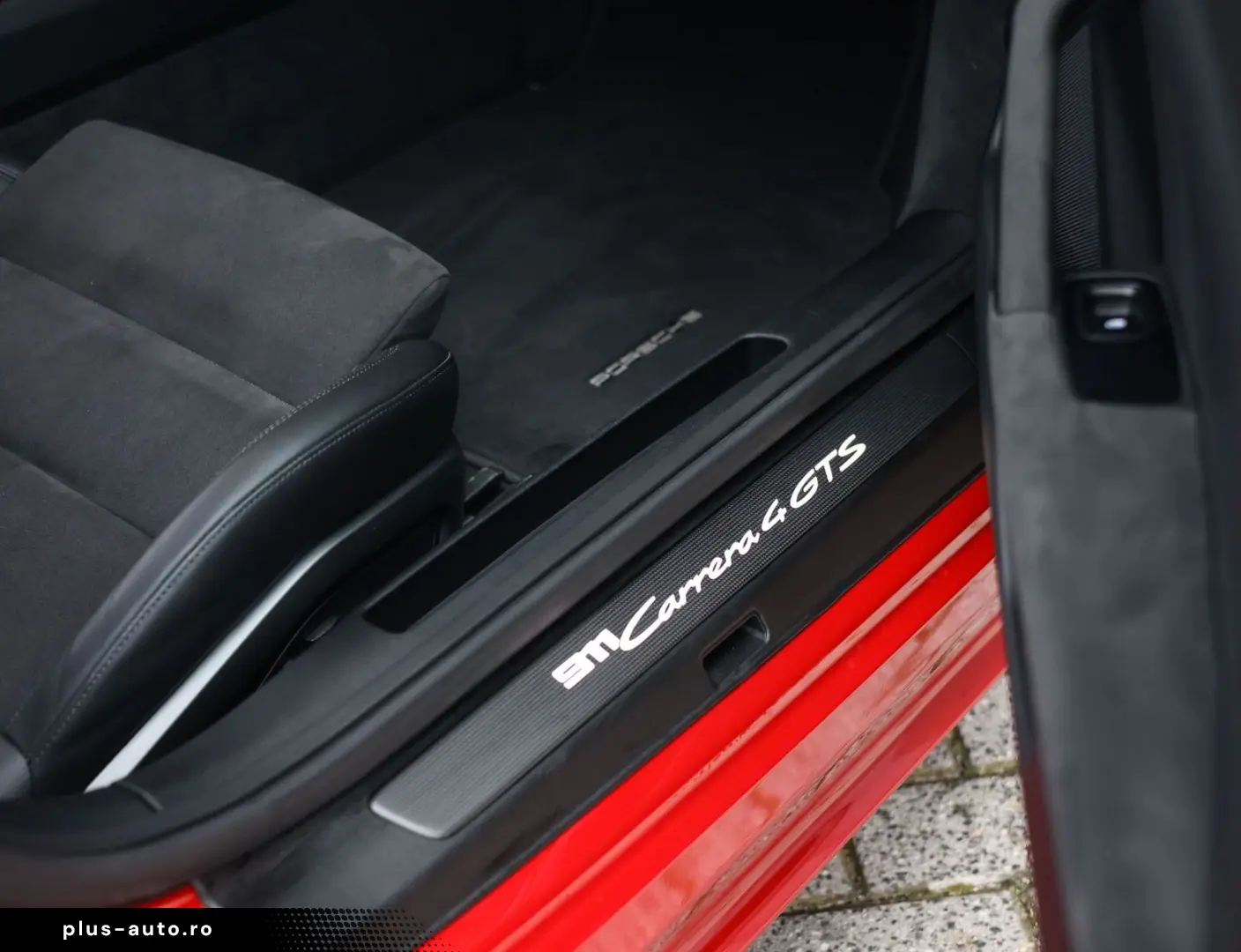 PORSCHE 992 Carrera 4 GTS   PDCC - Pano - Camera - PASM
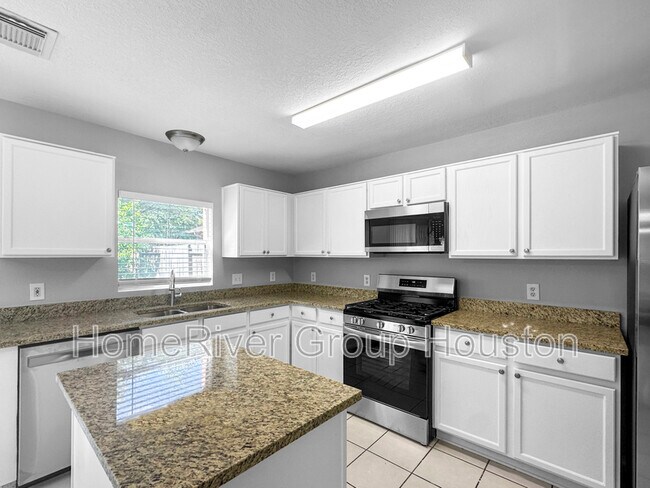 Building Photo - 19227 Indian Stone Ln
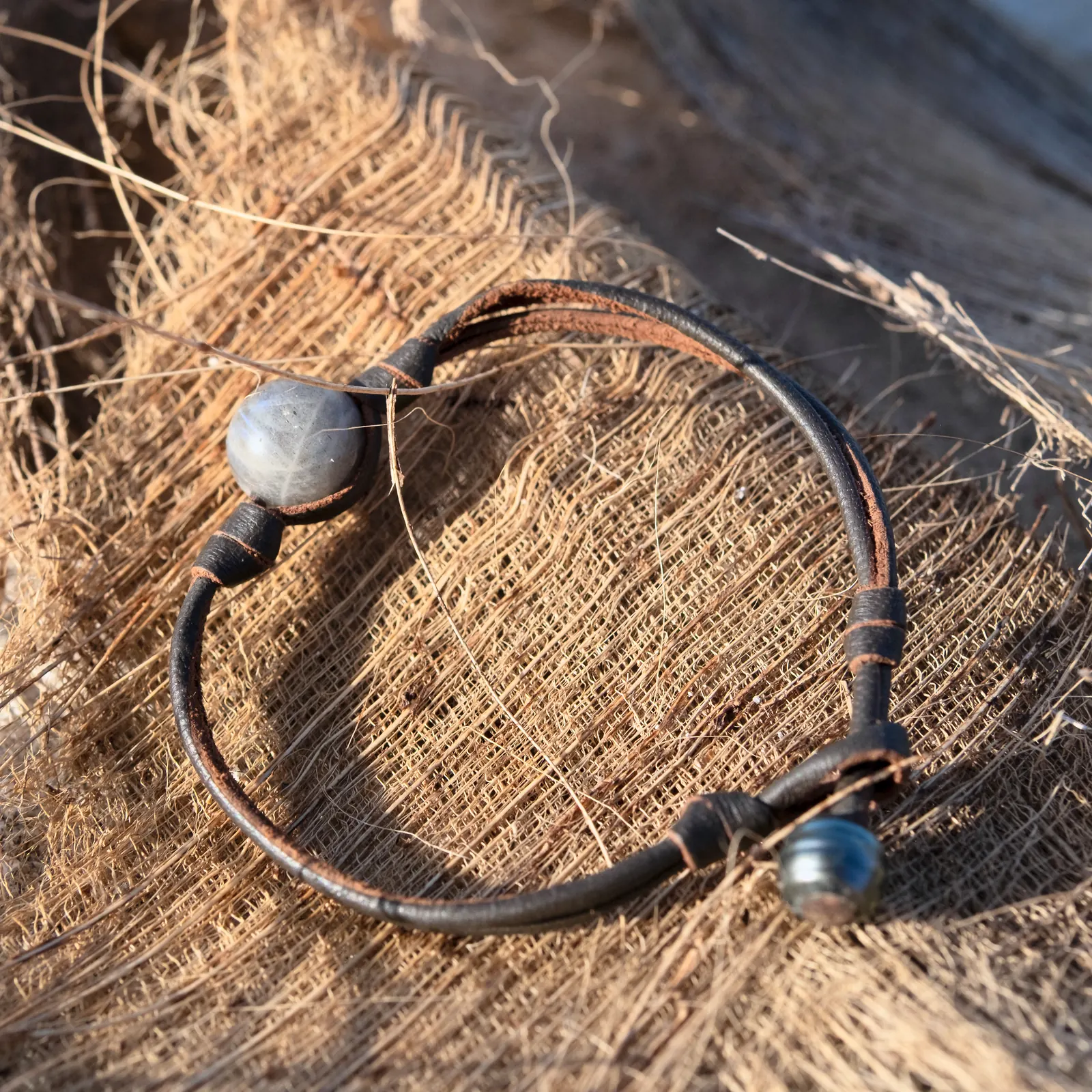 Leather Bracelet with Labradorite and a Choice of Clasp Pearl, jewelry view.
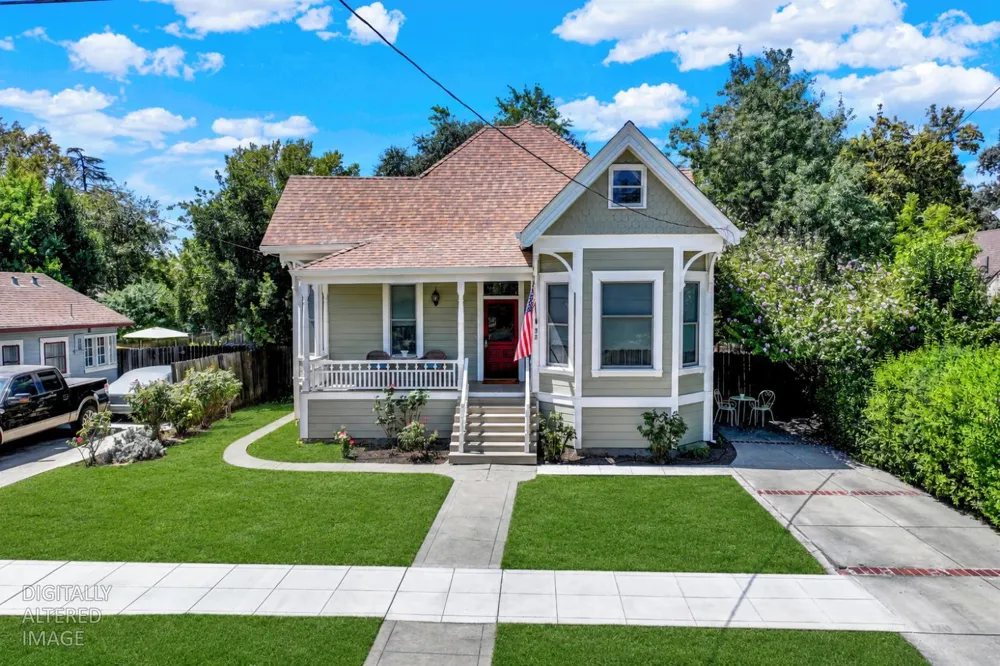 58 2nd Woodland, CA 95695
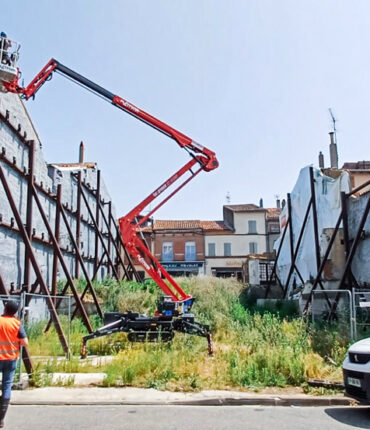 Acrobat Travaux intervient sur les ouvrages en hauteur, pont, bâtiment, structure où les accès peuvent être difficiles pour la dépose de capteurs inclinométriques et fissuromètres électroniques sur des bâtiments ou des édifices publics et privés sur la région toulousaine, au centre ville et dans les zones industrielles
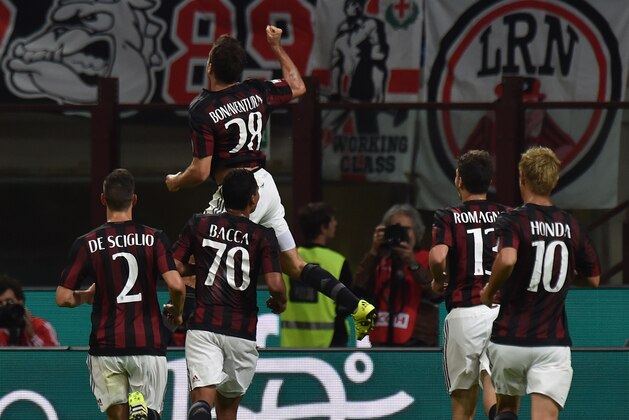 MILAN, ITALY - SEPTEMBER 19:  Giacomo Bonaventura of Milan celebrates after scoring his team's sencond goal during the Serie A match between AC Milan and US Citta di Palermo at Stadio Giuseppe Meazza on September 19, 2015 in Milan, Italy.  (Photo by Tullio M. Puglia/Getty Images)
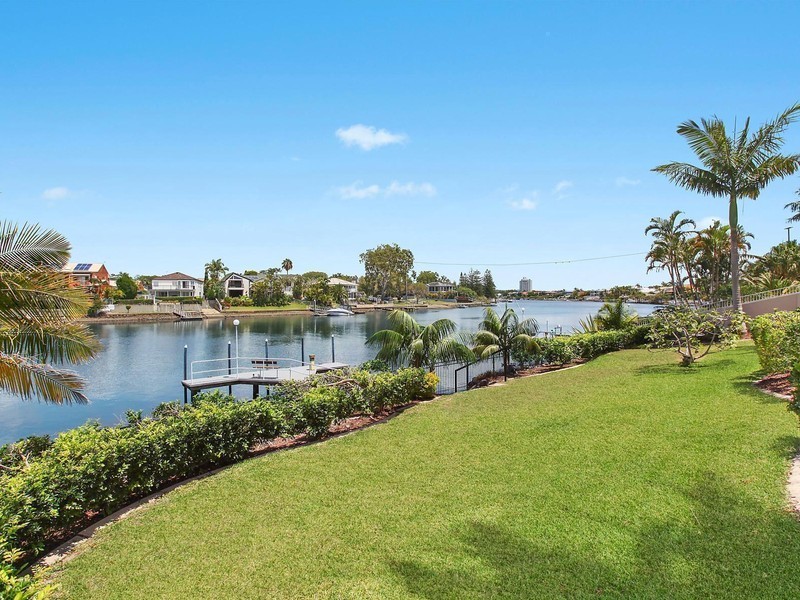 15 Sir Bruce Small Boulevard, Benowa Waters QLD 4217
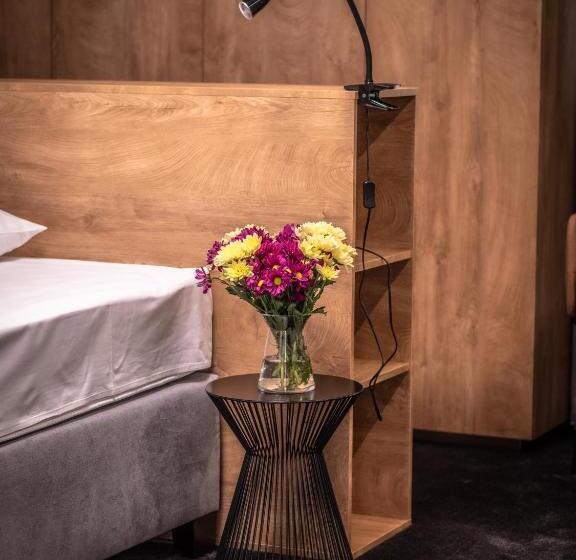 Номер Deluxe, Novy Kastiel Self Check In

--

**Problem description**
When copying from the data above, print only the lines from the line containing "58 2nd Woodland, CA 95695" to the line containing "Acrobat Travaux intervient", exactly, and leave the pictures out.

**The answer**
 58 2nd Woodland, CA 95695
 Acrobat Travaux intervient sur les ouvrages en hauteur, pont, bâtiment, structure où les accès peuvent être difficiles pour la dépose de capteurs inclinométriques et fissuromètres électroniques sur des bâtiments ou des édifices publics et privés sur la région toulousaine, au centre ville et dans les zones industrielles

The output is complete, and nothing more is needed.